Omitting all images, set down every line below exactly as it appears.

Top of INFORMATION SHOWN

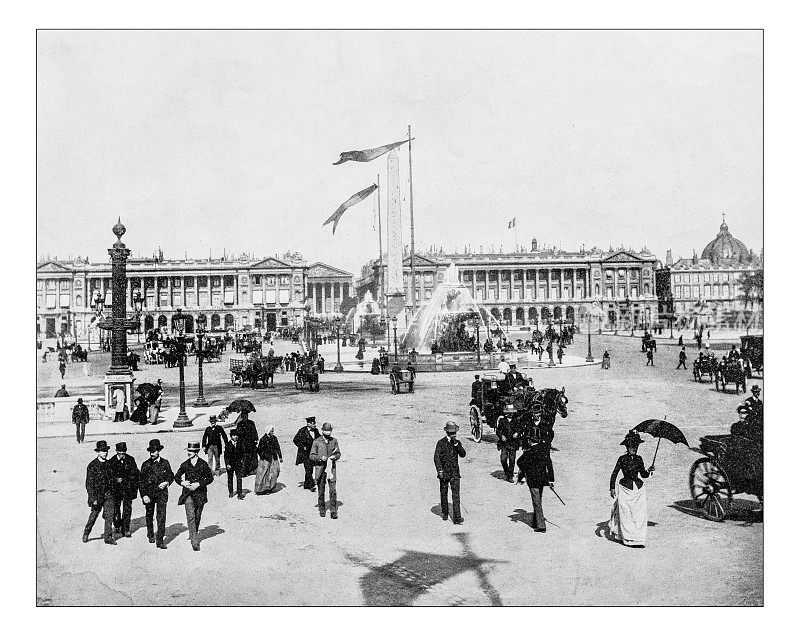 协和广场的古董照片(巴黎，法国)-19世纪
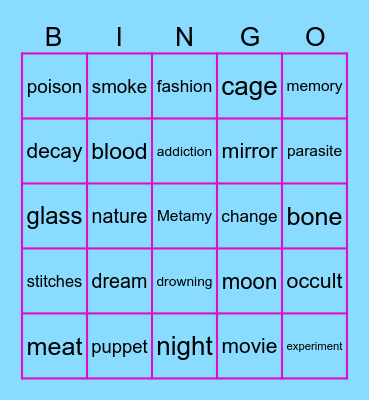 Fic Thing Bingo Card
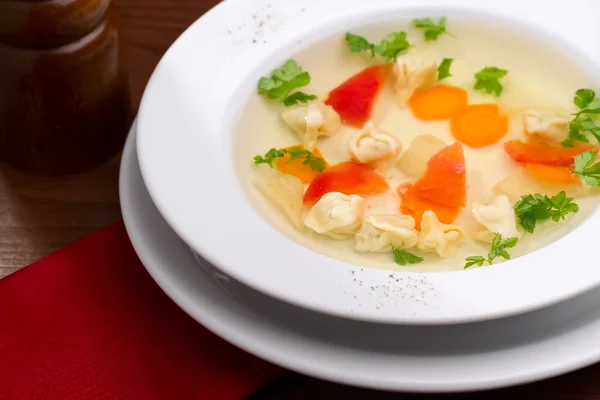 Soppa med ravioli — Stockfoto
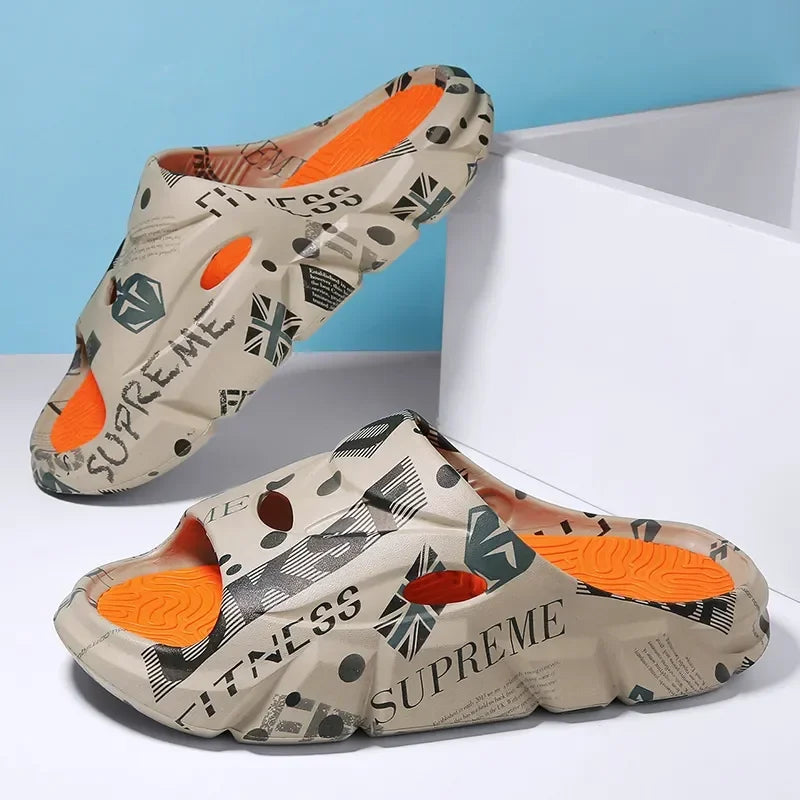 Original New Style Slippers Men's Sandals Summer Fashion Thick Bottom Anti-slip Slip-on Flip Flops Camouflage Beach Slides Shoes - Sun Studio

Bottom of INFORMATION SHOWN

* **ANSWER SECTION**:
 协和广场的古董照片(巴黎，法国)-19世纪
 Fic Thing Bingo Card
 Soppa med ravioli — Stockfoto
 Original New Style Slippers Men's Sandals Summer Fashion Thick Bottom Anti-slip Slip-on Flip Flops Camouflage Beach Slides Shoes - Sun Studio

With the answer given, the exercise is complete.